§ Problem: From the line holding "Deezee Universal Tool" to the final line below, restate each line word for word and add nothing.
** Opening Material for the task block **
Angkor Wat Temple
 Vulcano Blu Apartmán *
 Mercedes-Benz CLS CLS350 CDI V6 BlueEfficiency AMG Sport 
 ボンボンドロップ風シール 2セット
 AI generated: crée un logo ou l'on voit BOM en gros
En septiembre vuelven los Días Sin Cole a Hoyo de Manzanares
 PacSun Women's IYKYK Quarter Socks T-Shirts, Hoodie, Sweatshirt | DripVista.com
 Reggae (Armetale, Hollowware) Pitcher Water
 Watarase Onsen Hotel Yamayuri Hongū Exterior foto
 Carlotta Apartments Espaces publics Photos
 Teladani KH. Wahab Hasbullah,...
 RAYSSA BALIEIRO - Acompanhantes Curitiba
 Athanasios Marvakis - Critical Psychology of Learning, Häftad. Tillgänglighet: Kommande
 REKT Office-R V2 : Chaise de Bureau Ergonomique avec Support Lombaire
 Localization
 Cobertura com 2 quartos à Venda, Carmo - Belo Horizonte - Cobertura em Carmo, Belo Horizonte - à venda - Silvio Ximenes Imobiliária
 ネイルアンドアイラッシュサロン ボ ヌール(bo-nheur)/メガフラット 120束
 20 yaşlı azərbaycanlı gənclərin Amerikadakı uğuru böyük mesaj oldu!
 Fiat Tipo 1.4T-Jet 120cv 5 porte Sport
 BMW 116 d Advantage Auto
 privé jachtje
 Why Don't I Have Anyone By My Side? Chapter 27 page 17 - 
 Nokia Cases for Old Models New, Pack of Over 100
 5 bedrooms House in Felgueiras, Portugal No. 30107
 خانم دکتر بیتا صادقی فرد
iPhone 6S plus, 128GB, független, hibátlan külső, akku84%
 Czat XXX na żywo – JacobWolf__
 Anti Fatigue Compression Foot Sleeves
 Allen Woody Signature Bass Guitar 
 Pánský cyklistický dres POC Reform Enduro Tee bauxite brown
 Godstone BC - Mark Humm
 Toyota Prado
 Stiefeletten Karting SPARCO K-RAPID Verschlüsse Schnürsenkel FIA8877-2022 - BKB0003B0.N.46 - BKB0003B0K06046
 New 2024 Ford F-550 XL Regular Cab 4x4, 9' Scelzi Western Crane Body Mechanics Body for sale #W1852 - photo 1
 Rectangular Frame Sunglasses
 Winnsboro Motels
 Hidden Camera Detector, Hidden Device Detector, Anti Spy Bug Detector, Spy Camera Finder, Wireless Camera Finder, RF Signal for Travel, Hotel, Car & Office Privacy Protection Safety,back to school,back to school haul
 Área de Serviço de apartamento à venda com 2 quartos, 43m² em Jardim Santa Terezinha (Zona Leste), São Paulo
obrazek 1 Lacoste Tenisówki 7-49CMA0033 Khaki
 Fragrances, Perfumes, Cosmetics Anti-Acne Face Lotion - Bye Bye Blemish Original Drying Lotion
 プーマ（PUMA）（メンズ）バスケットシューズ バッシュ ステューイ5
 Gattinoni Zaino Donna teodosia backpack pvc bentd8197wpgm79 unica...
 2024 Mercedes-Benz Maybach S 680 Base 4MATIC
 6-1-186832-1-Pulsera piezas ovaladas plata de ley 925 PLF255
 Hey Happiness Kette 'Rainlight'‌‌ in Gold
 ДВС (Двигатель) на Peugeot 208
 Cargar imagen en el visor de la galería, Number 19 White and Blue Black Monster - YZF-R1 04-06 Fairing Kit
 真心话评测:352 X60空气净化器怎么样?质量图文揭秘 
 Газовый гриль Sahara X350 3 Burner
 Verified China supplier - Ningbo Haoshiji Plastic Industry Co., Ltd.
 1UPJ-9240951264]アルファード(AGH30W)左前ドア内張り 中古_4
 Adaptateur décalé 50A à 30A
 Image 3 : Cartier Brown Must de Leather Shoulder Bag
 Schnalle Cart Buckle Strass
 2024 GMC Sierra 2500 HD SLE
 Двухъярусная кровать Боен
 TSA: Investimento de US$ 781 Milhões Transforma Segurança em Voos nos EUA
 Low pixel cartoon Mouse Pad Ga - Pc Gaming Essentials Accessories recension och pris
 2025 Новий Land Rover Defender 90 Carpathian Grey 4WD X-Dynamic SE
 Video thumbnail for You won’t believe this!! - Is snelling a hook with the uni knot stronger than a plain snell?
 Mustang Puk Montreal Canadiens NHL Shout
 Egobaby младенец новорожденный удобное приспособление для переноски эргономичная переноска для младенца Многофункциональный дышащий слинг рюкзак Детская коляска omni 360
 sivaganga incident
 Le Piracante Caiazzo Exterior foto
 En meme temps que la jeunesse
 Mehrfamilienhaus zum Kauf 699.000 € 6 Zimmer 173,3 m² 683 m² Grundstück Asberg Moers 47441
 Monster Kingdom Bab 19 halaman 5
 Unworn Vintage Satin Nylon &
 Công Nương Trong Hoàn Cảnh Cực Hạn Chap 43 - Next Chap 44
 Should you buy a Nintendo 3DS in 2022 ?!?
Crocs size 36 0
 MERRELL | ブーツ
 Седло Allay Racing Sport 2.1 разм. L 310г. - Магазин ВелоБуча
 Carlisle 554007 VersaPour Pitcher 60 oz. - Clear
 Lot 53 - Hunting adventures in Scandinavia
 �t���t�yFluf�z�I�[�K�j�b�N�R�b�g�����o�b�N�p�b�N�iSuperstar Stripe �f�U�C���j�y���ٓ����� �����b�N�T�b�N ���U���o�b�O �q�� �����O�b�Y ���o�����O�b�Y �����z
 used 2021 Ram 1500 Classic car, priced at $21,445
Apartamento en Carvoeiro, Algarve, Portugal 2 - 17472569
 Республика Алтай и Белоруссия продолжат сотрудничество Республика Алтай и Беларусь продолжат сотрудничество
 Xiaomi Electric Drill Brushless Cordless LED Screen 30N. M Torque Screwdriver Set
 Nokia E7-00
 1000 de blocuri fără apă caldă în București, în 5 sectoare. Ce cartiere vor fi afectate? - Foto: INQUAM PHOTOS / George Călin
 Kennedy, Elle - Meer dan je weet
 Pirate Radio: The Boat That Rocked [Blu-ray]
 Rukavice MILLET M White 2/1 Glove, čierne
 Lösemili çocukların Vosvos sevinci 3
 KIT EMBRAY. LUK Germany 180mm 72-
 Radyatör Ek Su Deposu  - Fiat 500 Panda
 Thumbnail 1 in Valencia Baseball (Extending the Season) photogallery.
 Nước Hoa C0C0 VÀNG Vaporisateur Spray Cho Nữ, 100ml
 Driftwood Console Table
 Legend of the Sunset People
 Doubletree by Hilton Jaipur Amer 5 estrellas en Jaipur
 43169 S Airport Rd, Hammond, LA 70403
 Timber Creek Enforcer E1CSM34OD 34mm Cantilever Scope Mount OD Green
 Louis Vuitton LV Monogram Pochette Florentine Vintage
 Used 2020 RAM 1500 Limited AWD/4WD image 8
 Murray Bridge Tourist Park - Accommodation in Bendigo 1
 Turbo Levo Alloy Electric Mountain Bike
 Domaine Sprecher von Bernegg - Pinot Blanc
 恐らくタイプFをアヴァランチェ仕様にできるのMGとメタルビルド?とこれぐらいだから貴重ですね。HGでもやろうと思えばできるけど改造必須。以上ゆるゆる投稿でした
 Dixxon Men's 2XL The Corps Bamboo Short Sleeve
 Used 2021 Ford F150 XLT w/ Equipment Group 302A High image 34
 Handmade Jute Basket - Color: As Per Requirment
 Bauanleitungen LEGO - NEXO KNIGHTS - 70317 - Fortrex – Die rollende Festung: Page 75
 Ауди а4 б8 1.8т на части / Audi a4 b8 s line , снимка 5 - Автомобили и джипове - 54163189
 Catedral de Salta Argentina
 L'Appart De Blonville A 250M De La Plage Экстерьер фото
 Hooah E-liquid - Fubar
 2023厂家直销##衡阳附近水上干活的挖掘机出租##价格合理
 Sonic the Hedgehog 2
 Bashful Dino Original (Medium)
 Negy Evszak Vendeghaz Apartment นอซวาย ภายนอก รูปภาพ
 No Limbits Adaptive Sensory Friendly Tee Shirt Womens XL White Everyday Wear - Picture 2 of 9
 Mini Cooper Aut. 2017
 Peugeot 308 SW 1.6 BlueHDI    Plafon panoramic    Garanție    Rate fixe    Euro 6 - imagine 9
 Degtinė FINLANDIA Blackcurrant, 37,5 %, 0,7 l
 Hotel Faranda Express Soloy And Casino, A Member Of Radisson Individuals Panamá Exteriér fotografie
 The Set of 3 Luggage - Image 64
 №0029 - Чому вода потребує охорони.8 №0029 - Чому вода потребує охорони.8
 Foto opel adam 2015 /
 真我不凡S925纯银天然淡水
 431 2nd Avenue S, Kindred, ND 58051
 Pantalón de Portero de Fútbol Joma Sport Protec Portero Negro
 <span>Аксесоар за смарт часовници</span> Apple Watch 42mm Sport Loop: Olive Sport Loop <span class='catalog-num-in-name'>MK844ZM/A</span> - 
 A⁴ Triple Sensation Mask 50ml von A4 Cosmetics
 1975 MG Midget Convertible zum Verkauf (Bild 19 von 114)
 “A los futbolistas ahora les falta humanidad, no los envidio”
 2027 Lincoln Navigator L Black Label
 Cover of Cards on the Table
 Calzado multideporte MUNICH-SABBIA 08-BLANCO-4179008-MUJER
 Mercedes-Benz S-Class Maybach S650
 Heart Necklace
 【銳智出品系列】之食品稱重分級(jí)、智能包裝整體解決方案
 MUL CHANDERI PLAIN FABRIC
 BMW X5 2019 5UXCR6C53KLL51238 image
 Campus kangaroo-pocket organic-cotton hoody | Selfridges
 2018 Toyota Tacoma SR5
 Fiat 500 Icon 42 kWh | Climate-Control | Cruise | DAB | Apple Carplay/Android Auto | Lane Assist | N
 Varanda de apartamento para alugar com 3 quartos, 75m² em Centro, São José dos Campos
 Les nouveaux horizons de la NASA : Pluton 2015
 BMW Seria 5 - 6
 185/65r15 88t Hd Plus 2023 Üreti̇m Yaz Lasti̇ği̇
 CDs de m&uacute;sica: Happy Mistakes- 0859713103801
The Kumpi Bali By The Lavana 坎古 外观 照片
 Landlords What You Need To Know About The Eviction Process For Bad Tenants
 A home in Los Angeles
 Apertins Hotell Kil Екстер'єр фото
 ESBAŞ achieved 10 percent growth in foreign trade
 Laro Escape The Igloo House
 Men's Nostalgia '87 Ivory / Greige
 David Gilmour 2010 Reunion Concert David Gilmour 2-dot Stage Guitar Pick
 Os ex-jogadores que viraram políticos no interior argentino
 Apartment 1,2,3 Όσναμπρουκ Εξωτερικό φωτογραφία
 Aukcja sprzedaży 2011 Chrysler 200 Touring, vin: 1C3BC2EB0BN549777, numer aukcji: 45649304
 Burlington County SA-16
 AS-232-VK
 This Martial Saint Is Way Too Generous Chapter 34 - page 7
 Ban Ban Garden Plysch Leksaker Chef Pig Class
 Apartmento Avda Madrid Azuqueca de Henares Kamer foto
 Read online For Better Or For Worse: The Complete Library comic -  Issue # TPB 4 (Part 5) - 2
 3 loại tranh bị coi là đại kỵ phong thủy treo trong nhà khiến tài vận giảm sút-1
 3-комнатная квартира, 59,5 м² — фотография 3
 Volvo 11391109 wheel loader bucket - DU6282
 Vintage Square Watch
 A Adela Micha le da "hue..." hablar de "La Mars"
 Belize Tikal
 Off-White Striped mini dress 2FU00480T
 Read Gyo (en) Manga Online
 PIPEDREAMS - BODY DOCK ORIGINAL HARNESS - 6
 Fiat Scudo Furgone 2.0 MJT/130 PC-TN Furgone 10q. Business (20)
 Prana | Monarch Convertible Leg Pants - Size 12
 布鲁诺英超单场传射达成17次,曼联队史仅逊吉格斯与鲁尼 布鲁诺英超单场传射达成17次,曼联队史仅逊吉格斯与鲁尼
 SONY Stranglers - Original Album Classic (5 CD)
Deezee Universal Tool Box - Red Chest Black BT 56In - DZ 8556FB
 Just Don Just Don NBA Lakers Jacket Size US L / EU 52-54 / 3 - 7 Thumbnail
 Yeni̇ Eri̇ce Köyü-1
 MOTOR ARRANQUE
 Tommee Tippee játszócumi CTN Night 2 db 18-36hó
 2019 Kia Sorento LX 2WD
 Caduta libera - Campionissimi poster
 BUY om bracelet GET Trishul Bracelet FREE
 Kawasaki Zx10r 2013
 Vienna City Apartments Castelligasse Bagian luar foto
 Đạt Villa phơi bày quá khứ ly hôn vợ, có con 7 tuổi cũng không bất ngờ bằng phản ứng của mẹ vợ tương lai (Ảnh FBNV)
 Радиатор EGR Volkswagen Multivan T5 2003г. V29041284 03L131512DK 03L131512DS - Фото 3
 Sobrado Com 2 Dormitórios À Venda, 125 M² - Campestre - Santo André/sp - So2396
** Closing Material for the task block **
§ Output for this exercise:
Deezee Universal Tool Box - Red Chest Black BT 56In - DZ 8556FB
 Just Don Just Don NBA Lakers Jacket Size US L / EU 52-54 / 3 - 7 Thumbnail
 Yeni̇ Eri̇ce Köyü-1
 MOTOR ARRANQUE
 Tommee Tippee játszócumi CTN Night 2 db 18-36hó
 2019 Kia Sorento LX 2WD
 Caduta libera - Campionissimi poster
 BUY om bracelet GET Trishul Bracelet FREE
 Kawasaki Zx10r 2013
 Vienna City Apartments Castelligasse Bagian luar foto
 Đạt Villa phơi bày quá khứ ly hôn vợ, có con 7 tuổi cũng không bất ngờ bằng phản ứng của mẹ vợ tương lai (Ảnh FBNV)
 Радиатор EGR Volkswagen Multivan T5 2003г. V29041284 03L131512DK 03L131512DS - Фото 3
 Sobrado Com 2 Dormitórios À Venda, 125 M² - Campestre - Santo André/sp - So2396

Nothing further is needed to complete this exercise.